• _ACTION ITEM_: Your reply should be the whole listing, copied exactly, with the pictures left out.
==== DATA
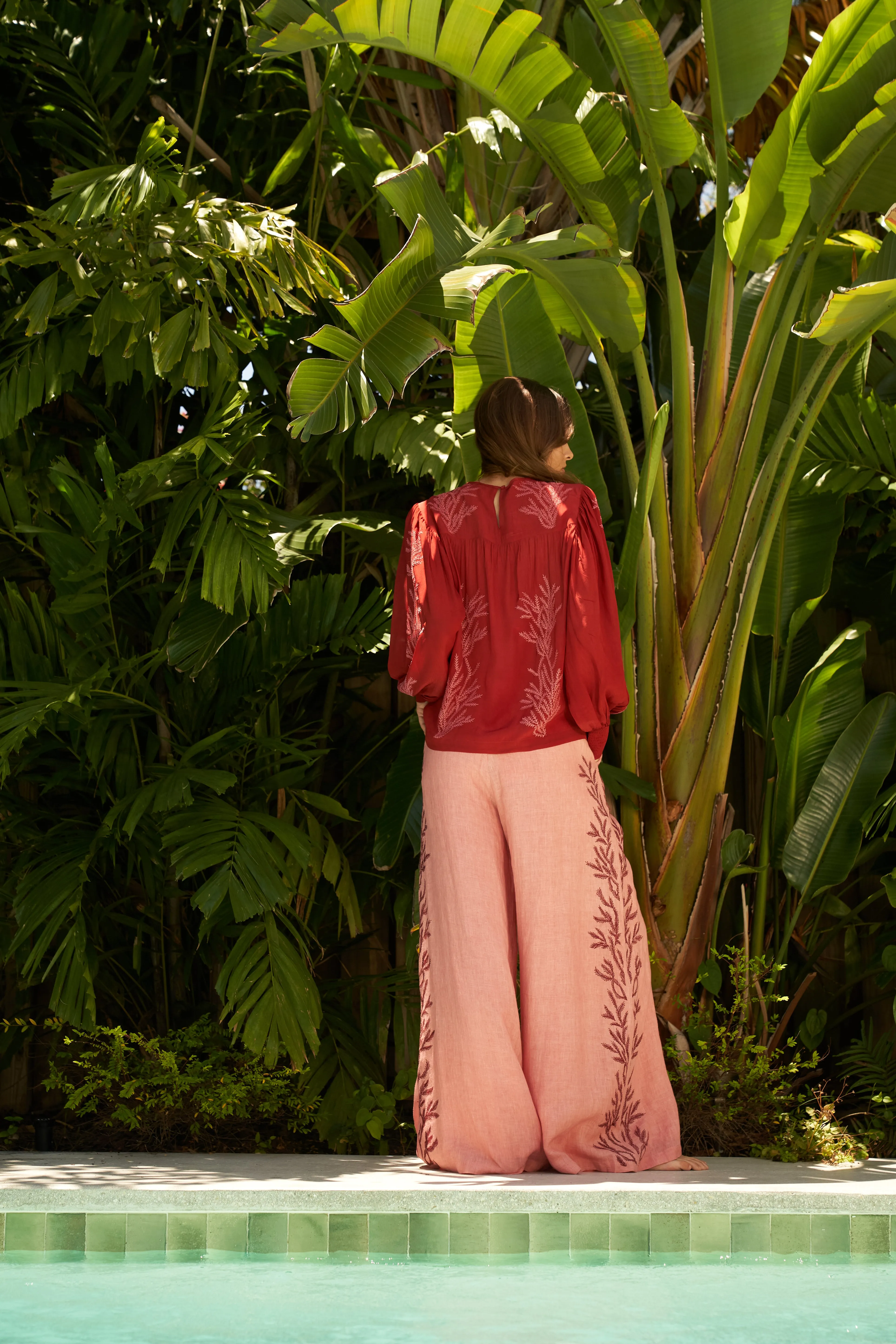 Palazzo Pants - Final Sale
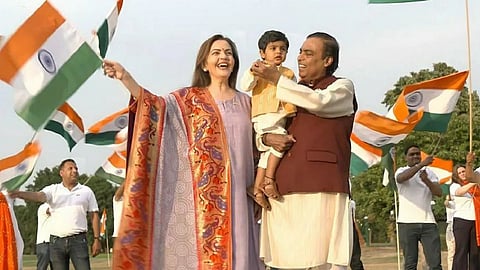 Mukesh Ambani |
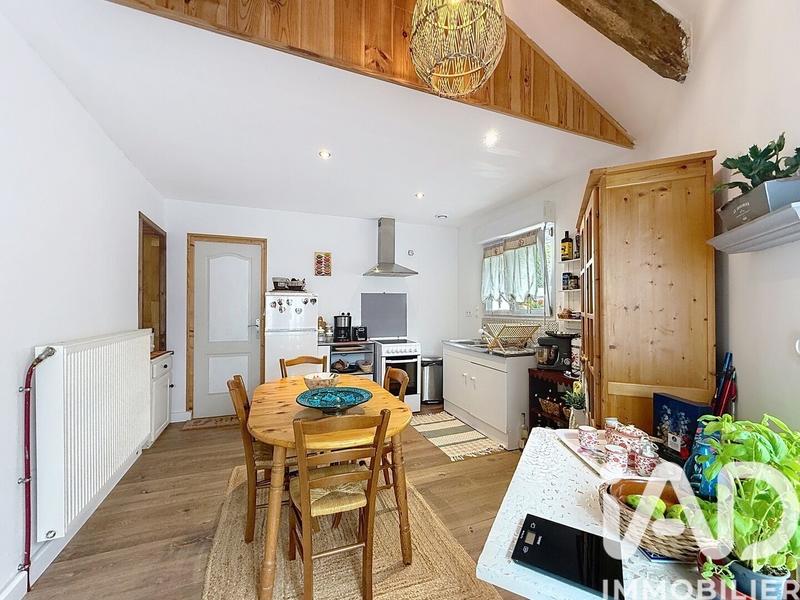 Maison - 79 m² - 4 pièces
========
• _FINAL ANSWER_:
 Palazzo Pants - Final Sale
 Mukesh Ambani |
 Maison - 79 m² - 4 pièces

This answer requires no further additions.